『ぜいとぅーん』35号(2009.2.6発行)


(続)イスラエルの兵役拒否

イスラエルでは、18歳から男性3年、女性1年9ヶ月の兵役が義務づけられています。また、その後も予備役兵として1年に1ヶ月の兵役に就きます。

『ぜいとぅーん』30号(2007.10.4発行)で、ガリラヤのシンディアナのユダヤ人スタッフ、ハダスさんの娘のケセムさんが兵役の年齢を迎える、ということを書きました。その後どうしていたのでしょうか。

 

「今は、ボランティアに参加して兵役を『延期』しています。南部ネゲブ地方のベドウィン(イスラエル国籍のパレスチナ人)の学校に行ったりしています。普段はユダヤ人の若者たちの共同生活で、週末だけ家に帰ります」

「でも、いつまでも延期はできないから兵役拒否の方法を悩んでいます。兵役拒否の方法には4つあり、委員会に出て話をしなければなりません。

  1. 宗教的な理由(ユダヤ教の宗教学校進学)
  2. 身体的な困難
  3. 精神的な困難
  4. 政治的な兵役拒否(博愛主義など)

簡単なのは「精神的に問題があって無理」と言うことですが、私はきちんと政治的に拒否している、と言いたい。でも、その場合、いろいろ質問され、考えを変えるよう説得されます。「博愛主義や非暴力主義と言うけれど、相手が撃ってきたらどうするんだ?」など。うまく答えられる自信がありません。それに、政治的に拒否して刑務所にも入りたくありません。」

ハダスさんは、「両親が反シオニストでイスラエルの国家に反対していて兵役を許さない、って言えば?(実際に、他のユダヤ人スタッフの娘さんが過去に「親が許さない」ことを理由にして兵役を拒否したそうです)」「刑務所に入ると言っても、1ヶ月か2ヶ月でしょう??」などと言っていましたが、ケセムさんは親のせいにはしたくない様子でした。

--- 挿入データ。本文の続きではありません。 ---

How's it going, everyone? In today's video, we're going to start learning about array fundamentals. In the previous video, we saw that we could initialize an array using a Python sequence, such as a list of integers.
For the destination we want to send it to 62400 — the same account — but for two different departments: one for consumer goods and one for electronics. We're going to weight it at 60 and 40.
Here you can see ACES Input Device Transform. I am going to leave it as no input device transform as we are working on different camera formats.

ユダヤ人女性が兵役を拒否した場合、これまで投獄はほとんどなかったのですが、最近対応が厳しくなり投獄されることもあります。

そして、ハダスさんが弟のことを話してくれました。(ケセムさんにとっても初めての話だったようです)

 

1982年のイスラエル軍によるレバノン侵攻の際、弟は「人を殺したくない」と軍務拒否をしましたが、その後も、年1ヶ月の予備役にはずっと就いていました。

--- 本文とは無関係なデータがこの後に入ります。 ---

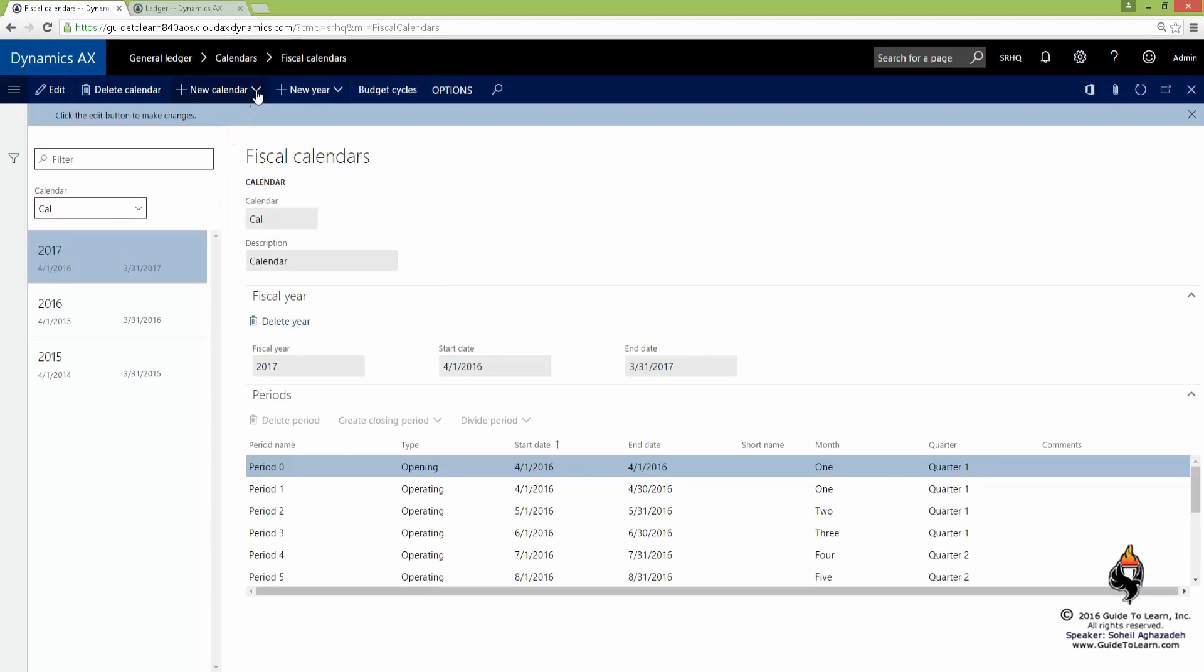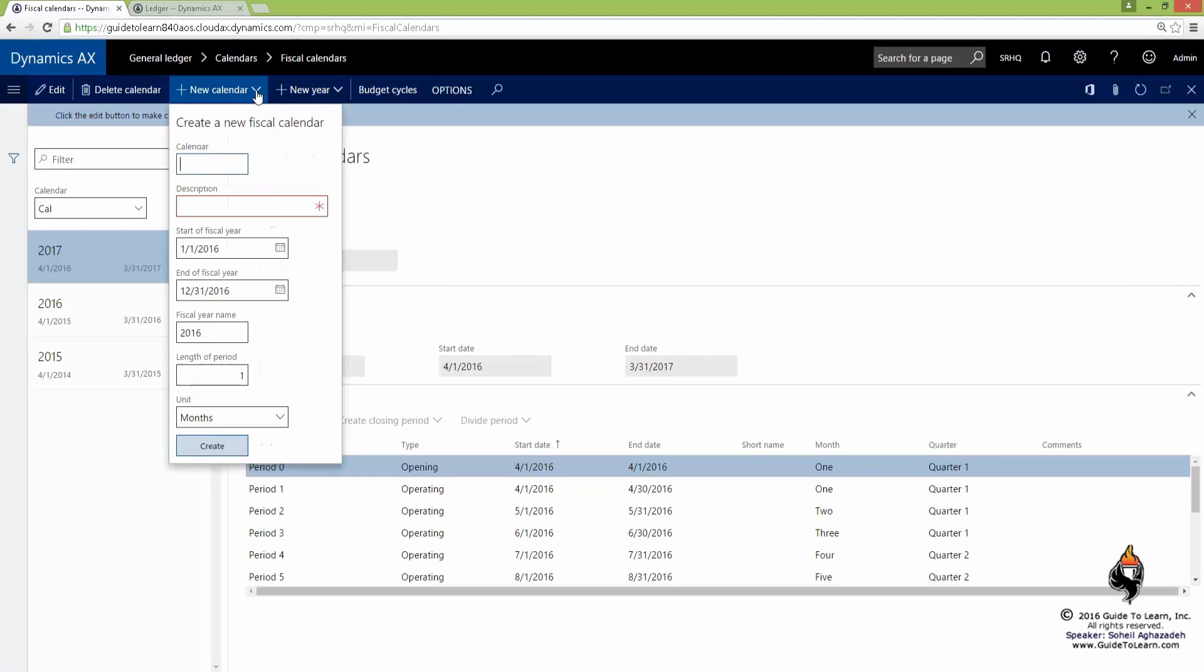Here, I like to start from the beginning. I like to create a brand new calendar, call it Seahorse Fiscal Calendar.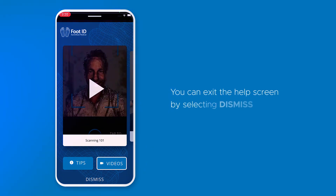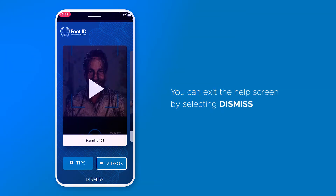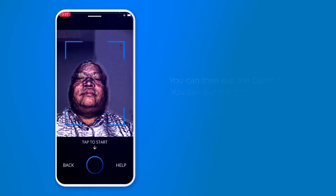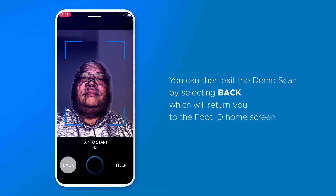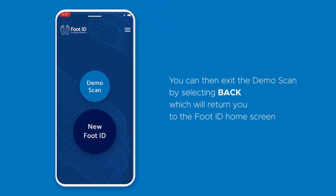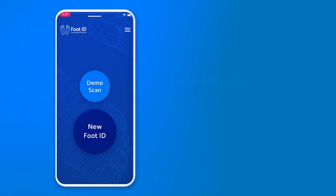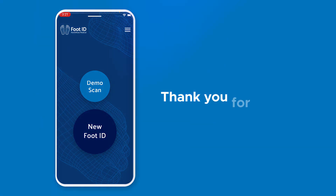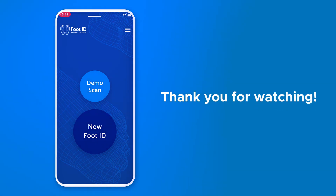You can exit the Help screen by selecting Dismiss and it will take you back to the Demo Scan screen. You can then exit the Demo Scan feature by selecting Back, which will return you to the FootID home screen. Thank you for watching and take care.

ある日、ジェニンの検問所で通行人のチェックをしていたとき、オリーブ農家のアベッドさんがやってきました(分離壁ができる前はガリラヤ地方からジェニンに買い物などに行く人は多かった)。弟は、恥ずかしくなって詰め所に隠れたそうです。私と一緒にアベッドさんとは家族ぐるみのつきあいをしていたから、IDをチェックして「通れ」なんて言えなかった。それ以来、予備役兵としての兵役も一切拒否するようになりました(拒否し続けているうちに、召集も来なくなりました)。

 

*ユダヤ系国民の9割がガザ攻撃を支持、という中で、ごくごく少数の人たちです。今回、12日頃に初めてガザでの「軍務拒否」があった、と聞きました。